После распада Советского Союза руководители стран Запада, и прежде всего США, воспользовались изменившейся ситуацией для одностороннего укрепления своих позиций. Результатом стали, в частности, кровопролитные конфликты в сердце Европы - на Балканах, сохранение взрывоопасной ситуации на Ближнем Востоке, превращение Афганистана и некоторых других стран в рассадник терроризма, обострение проблем экологии, СПИДа, тяжелые гуманитарные кризисы в Африке и других регионах.
В то же время было бы преувеличением утверждать, что такие подходы сегодня доминируют. Созданные перестройкой предпосылки и открытые ею перспективы - это не просто «заявка на будущее», а продолжающий действовать фактор, препятствующий скатыванию мира в новую конфронтацию и напоминающий о примере реального сотрудничества в решении сложнейших международных проблем, который навсегда связан в истории с перестройкой.
Перестройка и современная Россия
Перестройка завершилась в конце 1991 г.: если до этого шло реформирование (пусть коренное) старой системы, то после на повестку дня встало создание принципиально иного строя. Современная Россия (как, впрочем, и другие постсоветские государства) в определенном смысле родилась из перестройки, хотя взаимного родства они не признают и друг друга чураются. Для посткоммунистической элиты перестройка – как кость в горле: что сказать о ней – непонятно, а лучше всего поскорее забыть. Тем более что многие деятели ельцинской эпохи приложили руку к крушению перестроечного проекта.

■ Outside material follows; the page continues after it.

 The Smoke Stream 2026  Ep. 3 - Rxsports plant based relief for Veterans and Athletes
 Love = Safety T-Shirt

Чисто внешне новой Россией были унаследованы многие атрибуты перестроечной политики и риторики. Более того, некоторые характеристики горбачевского наследия (например, курс на сближение с Западом) приобрели поначалу гипертрофированный, даже гротескный характер. Другие (например, гайдаровские реформы) подавались как преодоление нерешительного, половинчатого курса союзного руководства.

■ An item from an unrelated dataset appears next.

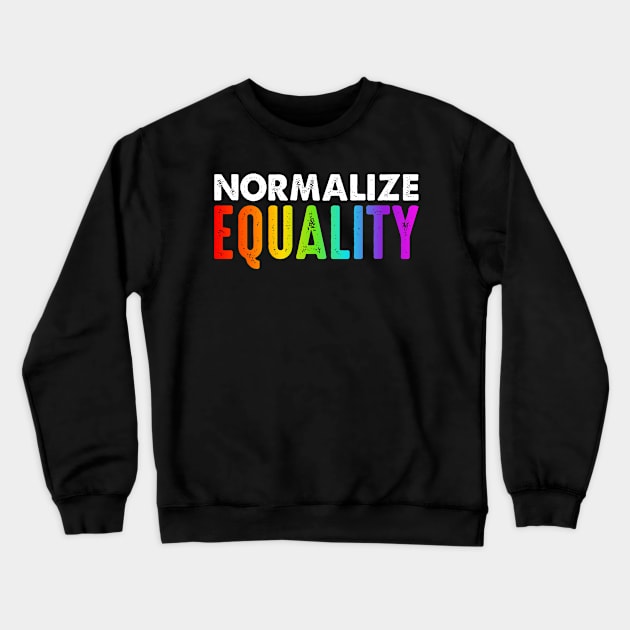 Normalize Equality - All Lives Matter Crewneck Sweatshirt by PatelUmad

Однако несмотря на инерцию столь мощного исторического феномена, как перестройка, в сущностном, принципиальном плане между нею и последовавшей за ней эпохой разверзлась пропасть. Если перестройка привела к высвобождению демократического потенциала советского общества, то 90-е годы и начало нового столетия были ознаменованы стремлением к выхолащиванию этого потенциала и низведению наших сограждан до роли послушной клаки в театре элит. Если экономическая стратегия перестройки предполагала «мягкое» вхождение в рынок при сохранении мощной социальной защиты, то «шокотерапия» Ельцина-Гайдара разрушила социальный и культурный мир России, в одночасье ввергнув миллионы россиян в унизительную нищету. На смену раскрепощению хозяйственной инициативы с целью повышения жизненного уровня всего населения пришло сверхобогащение немногих за счет большинства населения.
Второй президент России постарался освободиться от наиболее одиозных черт политического наследия своего предшественника, но не покушается (пока?) на многое из того, что связано с системой «дикого капитализма». В результате многие разрушительные процессы, запущенные в 90-е годы, еще не остановлены, тем более не обращены вспять.
Если перестройка предполагала постепенную трансформацию Советского Союза посредством его политической и экономической децентрализации, но при сохранении единого государства, то в начале 90-х годов произошло целенаправленное разрушение СССР, насильственный разрыв связей между бывшими советскими республиками и людьми. Это стало одной из главных причин масштабного и глубокого кризиса, поразившего все постсоветское пространство.
Социальный оптимизм второй половины 80-х годов сменился социальной, социокультурной и антропологической деградацией последних пятнадцати лет, результатом чего стали беспрецедентные для мирного времени человеческие потери России, сравнимые с гибелью населения в годы гражданской войны.
На этом негативном фоне рельефнее проступает значение перестройки не только как последней главы советской истории, но и как недописанной главы истории мировой. Она навсегда останется в памяти как поворотный пункт, потенциал которого еще предстоит реализовать.